「中日春秋」で知った画家松本竣介氏の言葉
病院の待合室で中日新聞の「中日春秋」を読んだらすごい言葉を見つけた。松本竣介氏という画家が戦時中に語ったという言葉である。
先の大戦中日本は戦争遂行のために、言論統制をし総動員をした。画家も例外ではなく、藤田嗣治画伯をはじめ戦意高揚のための絵筆を執らされた。「言うことを聞かない画家には、配給を禁止する」と軍部は圧力をかけたのだ。
その時代に画家の松本が言った言葉が次の言葉である。
「今、沈黙することは賢い、けれど今ただ沈黙する事が全てに於いて正しい、のではないと信じる」
との一文を公にしたのだそうだ。
そして1942年に、灰色の街にすっくと立つ自画像を「立てる像」を発表したというのだ。春秋子は「あらゆるものが国家と戦争の論理によって立つ時代にも、自分自身の足で立とうとした。」と書いている。

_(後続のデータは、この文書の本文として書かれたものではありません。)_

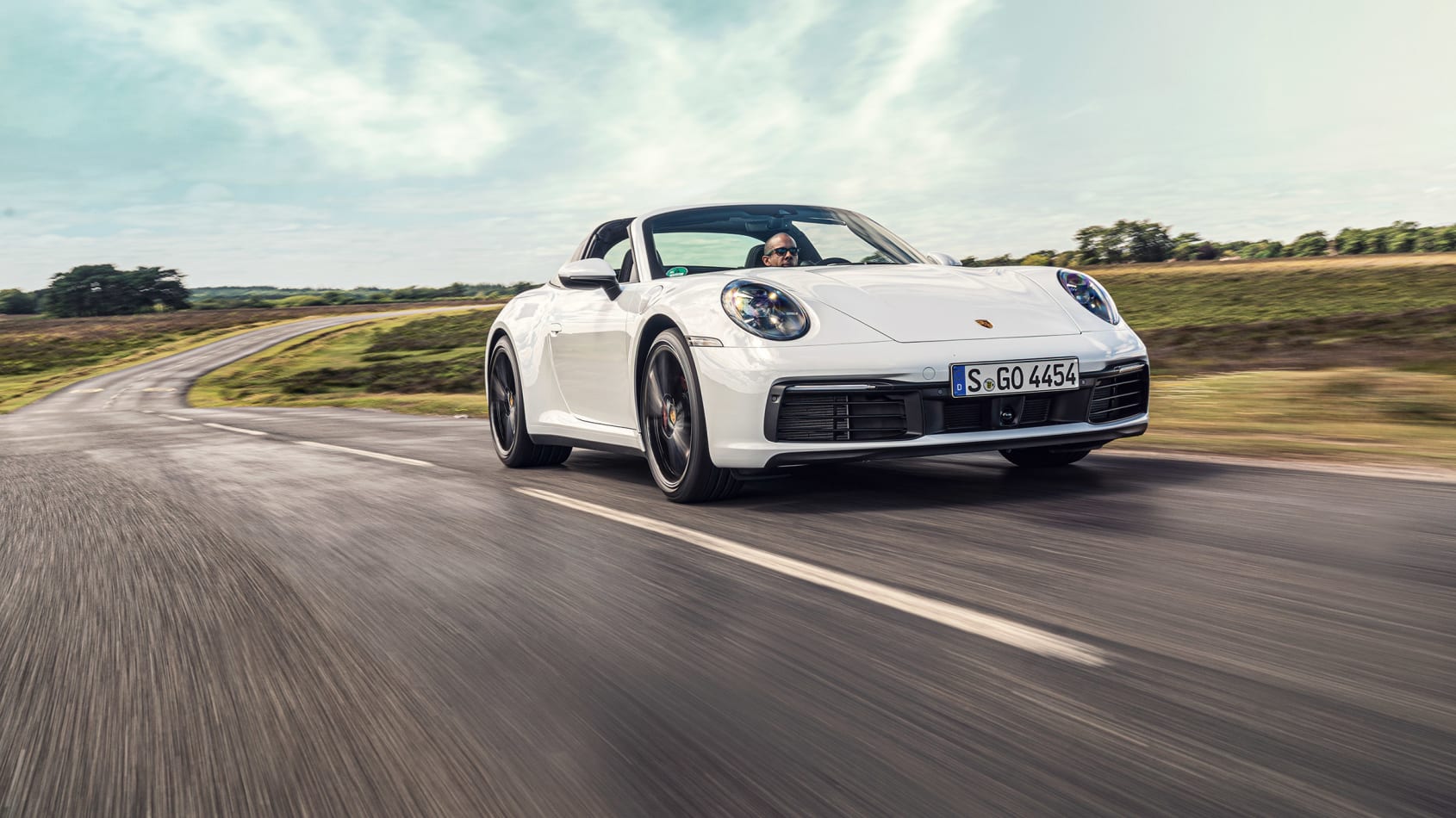 Porsche 911 Targa 4S 2020 review - the oddball 911 that’s a refreshing alternative Porsche 911 Targa 4S 2020 review - the oddball 911 that’s a refreshing alternative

私は松本竣介という画家を知らないが、あのものを言えない戦争の時代にはっきりと上のような言葉を述べたこと、信念として揺るがなかったことに感銘を受けた。彼は1948年に36歳の若さで世を去った。
戦後70年の平和の後、日本は大きな歴史的岐路に立っている。もし松本氏がいたらどう思うであろうか。
私は自由に発言を続けているが、もしあの戦争中のような時代が再び来たら、その中で毅然として自己の意見を述べられるかどうか自信がない。松本氏の信念に敬服する。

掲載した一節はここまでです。